Listed records —
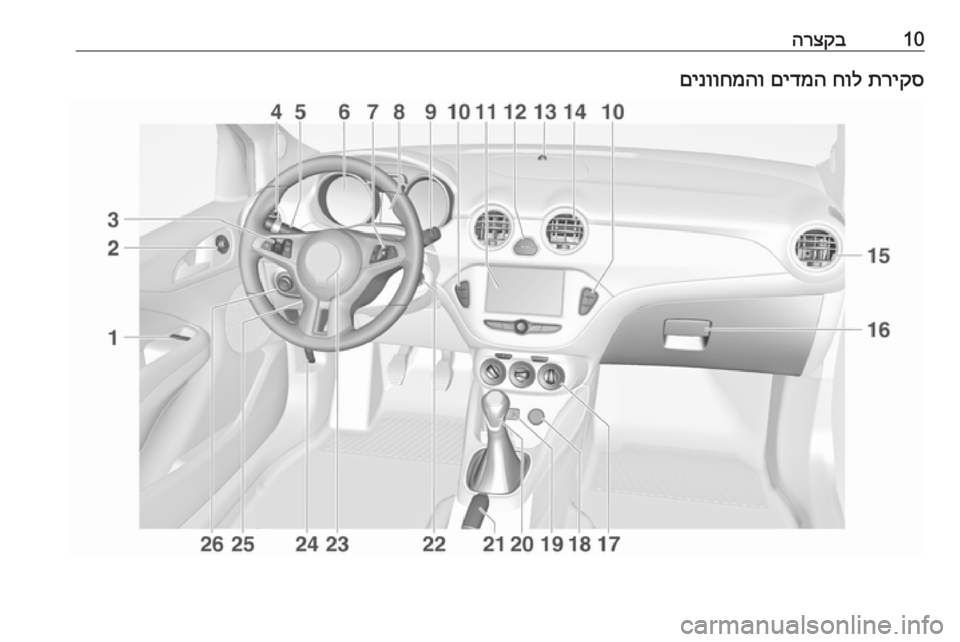 OPEL ADAM 2017 ספר הנהג 10הרצקבתריקס
חול
םידמה
םינווחמהו OPEL ADAM 2017 ספר הנהג 10הרצקבתריקס
חול
םידמה
םינווחמהו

Work item —
Go through the data above and count the lines that hold "םינווחמהו". Respond with the number and no other words.

Output below —
2